● Exercise description
Please repeat nothing except the lines from the one containing "this 1512×794 image." through the end of the records, exactly and without pictures.

Records from a collection:
____

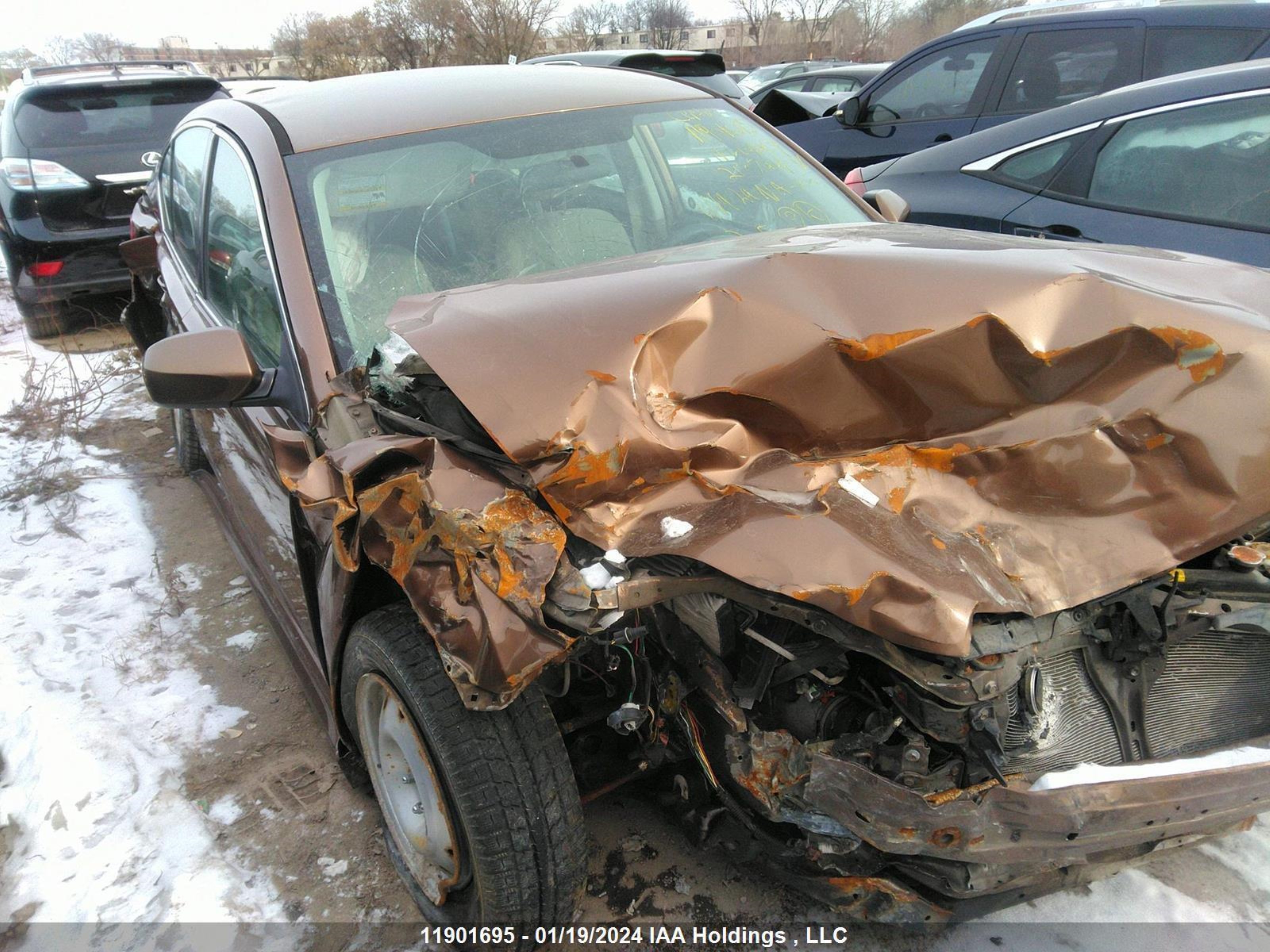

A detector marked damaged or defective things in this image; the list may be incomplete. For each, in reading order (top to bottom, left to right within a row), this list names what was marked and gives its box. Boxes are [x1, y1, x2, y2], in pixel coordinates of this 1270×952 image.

severe front damage [273, 227, 1270, 920]
crumpled hood [383, 224, 1270, 657]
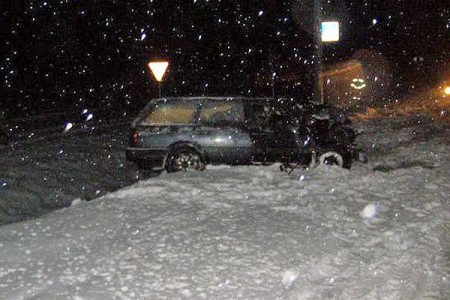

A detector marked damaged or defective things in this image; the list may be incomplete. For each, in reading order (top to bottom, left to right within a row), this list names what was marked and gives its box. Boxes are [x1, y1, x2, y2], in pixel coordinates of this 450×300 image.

crashed car [126, 97, 366, 172]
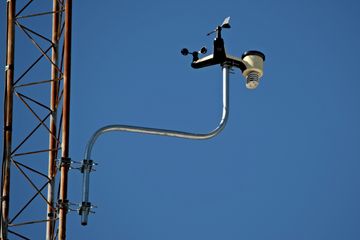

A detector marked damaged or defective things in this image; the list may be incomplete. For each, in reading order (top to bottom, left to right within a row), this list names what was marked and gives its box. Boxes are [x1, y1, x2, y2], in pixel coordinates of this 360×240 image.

rusty metal frame [1, 0, 71, 239]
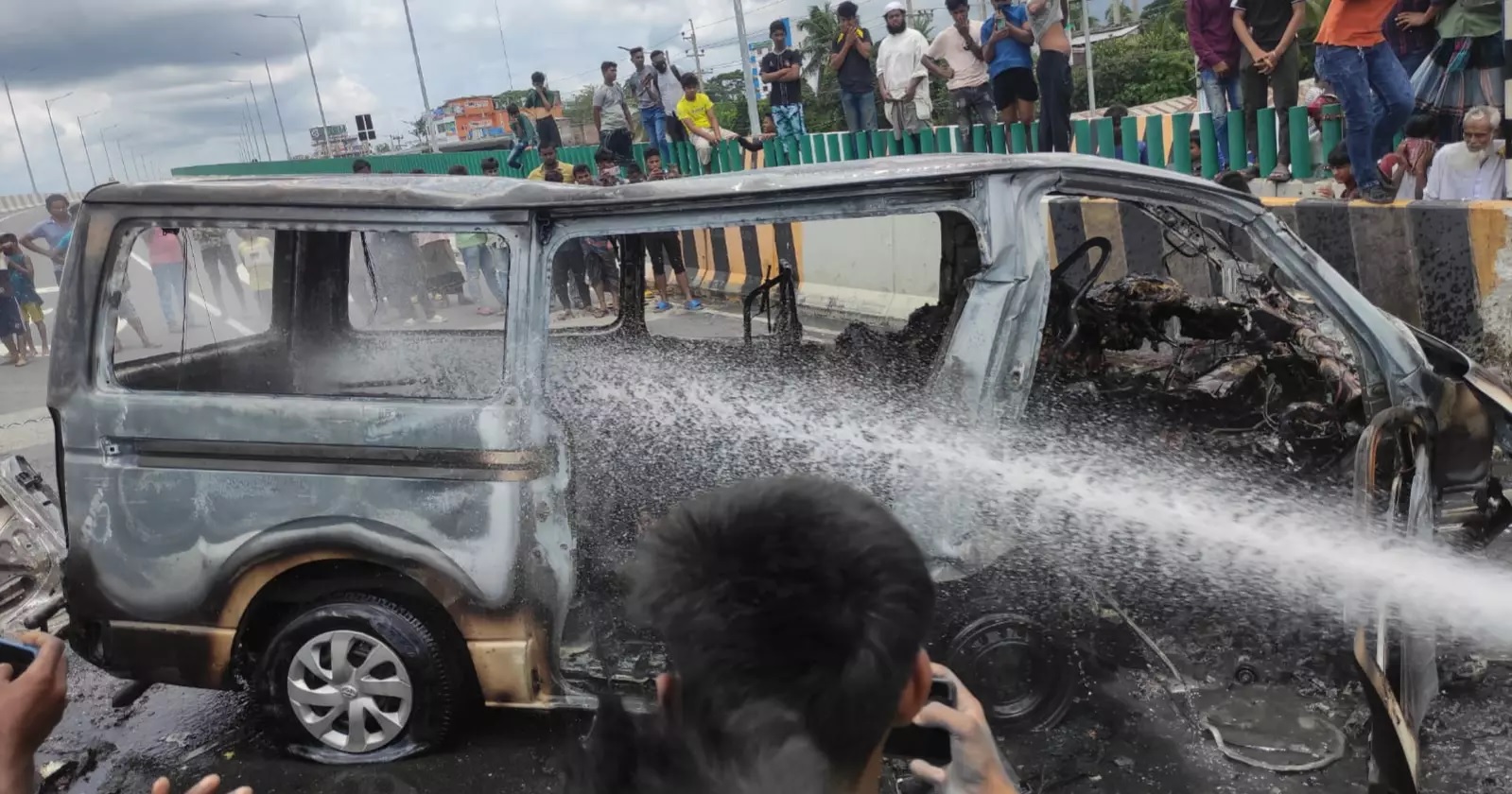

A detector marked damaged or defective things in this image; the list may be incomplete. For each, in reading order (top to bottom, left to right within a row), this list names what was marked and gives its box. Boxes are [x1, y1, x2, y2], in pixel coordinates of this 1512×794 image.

burned van [0, 155, 1505, 786]
burnt tire [256, 593, 462, 762]
burnt tire [943, 611, 1076, 734]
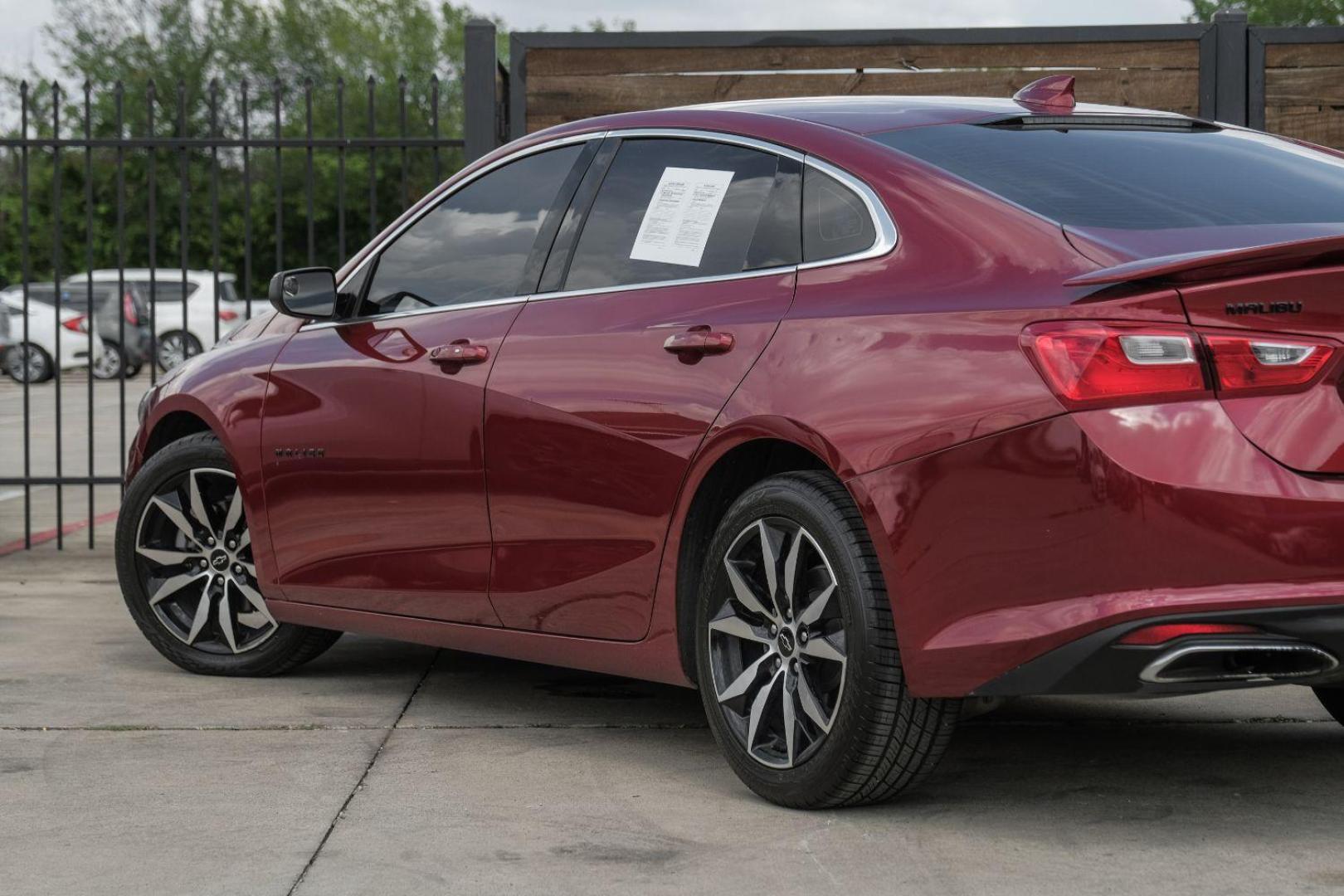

____

● Solution below
A detector marked damaged or defective things in this image; the list may be incomplete. For each, in reading order (top to bottom, left to right within a row), this list names what was marked and gives its box. Boxes are [x1, y1, x2, y2], in pixel coordinates of this 1512×794 image.

burned van [0, 155, 1505, 786]
burnt tire [256, 593, 462, 762]
burnt tire [943, 611, 1076, 734]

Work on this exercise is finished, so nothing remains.